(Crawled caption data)
[Start of Attachment]

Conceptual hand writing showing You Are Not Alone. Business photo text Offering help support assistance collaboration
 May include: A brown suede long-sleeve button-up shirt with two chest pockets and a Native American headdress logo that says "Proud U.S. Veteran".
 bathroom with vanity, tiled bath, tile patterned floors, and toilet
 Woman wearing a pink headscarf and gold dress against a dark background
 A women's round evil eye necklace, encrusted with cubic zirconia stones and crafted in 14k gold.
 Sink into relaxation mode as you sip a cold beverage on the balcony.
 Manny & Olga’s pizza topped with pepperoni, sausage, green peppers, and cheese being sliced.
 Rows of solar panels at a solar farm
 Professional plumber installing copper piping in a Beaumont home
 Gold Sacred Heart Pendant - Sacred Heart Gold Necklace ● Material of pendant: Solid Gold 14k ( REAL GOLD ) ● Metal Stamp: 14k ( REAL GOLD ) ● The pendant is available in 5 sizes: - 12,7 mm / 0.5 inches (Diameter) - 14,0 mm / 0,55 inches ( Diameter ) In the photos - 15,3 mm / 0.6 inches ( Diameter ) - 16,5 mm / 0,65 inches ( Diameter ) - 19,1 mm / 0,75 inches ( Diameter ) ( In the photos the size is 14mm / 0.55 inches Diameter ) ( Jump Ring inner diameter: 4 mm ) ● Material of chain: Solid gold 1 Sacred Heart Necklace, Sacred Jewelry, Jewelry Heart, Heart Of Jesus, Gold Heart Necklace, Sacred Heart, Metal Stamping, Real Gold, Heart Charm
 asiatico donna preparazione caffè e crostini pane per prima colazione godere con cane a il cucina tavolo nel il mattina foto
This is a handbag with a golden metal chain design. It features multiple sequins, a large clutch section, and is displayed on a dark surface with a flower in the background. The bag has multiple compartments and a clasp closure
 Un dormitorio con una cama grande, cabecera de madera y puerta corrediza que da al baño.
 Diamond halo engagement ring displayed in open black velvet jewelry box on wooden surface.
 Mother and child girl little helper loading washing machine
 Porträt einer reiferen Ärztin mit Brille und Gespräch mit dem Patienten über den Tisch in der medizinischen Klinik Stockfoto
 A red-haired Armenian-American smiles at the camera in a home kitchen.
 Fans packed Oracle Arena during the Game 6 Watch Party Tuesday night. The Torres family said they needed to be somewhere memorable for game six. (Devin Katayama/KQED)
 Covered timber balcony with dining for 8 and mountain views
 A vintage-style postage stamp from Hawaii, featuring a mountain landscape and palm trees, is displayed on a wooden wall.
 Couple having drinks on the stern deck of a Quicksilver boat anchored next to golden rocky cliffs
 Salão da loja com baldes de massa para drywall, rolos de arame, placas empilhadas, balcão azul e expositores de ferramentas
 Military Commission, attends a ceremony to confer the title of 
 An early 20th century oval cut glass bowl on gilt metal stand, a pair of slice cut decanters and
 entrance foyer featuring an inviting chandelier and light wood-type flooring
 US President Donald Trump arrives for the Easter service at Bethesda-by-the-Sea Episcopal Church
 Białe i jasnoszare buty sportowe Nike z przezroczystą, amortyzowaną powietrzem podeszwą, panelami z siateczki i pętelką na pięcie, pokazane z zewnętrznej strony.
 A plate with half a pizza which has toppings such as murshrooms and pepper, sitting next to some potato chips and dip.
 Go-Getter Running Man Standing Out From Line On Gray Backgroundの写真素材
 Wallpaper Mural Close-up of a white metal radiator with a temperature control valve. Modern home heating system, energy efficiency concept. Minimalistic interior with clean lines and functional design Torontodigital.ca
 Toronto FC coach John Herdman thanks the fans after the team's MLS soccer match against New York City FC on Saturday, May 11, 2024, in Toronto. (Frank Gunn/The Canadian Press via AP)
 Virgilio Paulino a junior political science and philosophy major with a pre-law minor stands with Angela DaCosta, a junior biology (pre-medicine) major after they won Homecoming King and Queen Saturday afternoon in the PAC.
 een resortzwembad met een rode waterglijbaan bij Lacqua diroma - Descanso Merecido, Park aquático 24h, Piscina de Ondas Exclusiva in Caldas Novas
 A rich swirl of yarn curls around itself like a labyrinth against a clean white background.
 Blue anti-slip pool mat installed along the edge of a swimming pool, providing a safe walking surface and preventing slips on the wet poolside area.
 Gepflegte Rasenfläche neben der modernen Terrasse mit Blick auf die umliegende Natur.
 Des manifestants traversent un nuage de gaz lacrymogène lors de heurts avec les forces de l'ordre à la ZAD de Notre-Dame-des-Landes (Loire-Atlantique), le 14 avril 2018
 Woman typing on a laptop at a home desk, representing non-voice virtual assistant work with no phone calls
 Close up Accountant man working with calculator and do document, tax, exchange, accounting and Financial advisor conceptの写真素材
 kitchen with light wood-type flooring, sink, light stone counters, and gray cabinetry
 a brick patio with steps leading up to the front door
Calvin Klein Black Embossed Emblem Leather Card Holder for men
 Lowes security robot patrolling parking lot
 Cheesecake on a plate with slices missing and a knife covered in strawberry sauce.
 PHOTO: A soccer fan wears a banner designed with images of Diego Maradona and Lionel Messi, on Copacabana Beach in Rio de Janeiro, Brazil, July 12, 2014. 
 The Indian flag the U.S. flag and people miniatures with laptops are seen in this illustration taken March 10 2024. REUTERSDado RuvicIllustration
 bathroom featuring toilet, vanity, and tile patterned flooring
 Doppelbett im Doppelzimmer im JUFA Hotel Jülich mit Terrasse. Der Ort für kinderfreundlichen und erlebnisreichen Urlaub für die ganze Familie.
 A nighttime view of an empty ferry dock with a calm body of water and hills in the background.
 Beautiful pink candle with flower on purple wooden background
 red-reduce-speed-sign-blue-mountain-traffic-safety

[End of Attachment]

▶ PROBLEM DESCRIPTION:
Using the entries shown above, reproduce verbatim the lines from the line bearing "An early 20th" to the line bearing "Białe i jasnoszare", inclusive.

▶ SOLUTION TO THIS EXERCISE:
 An early 20th century oval cut glass bowl on gilt metal stand, a pair of slice cut decanters and
 entrance foyer featuring an inviting chandelier and light wood-type flooring
 US President Donald Trump arrives for the Easter service at Bethesda-by-the-Sea Episcopal Church
 Białe i jasnoszare buty sportowe Nike z przezroczystą, amortyzowaną powietrzem podeszwą, panelami z siateczki i pętelką na pięcie, pokazane z zewnętrznej strony.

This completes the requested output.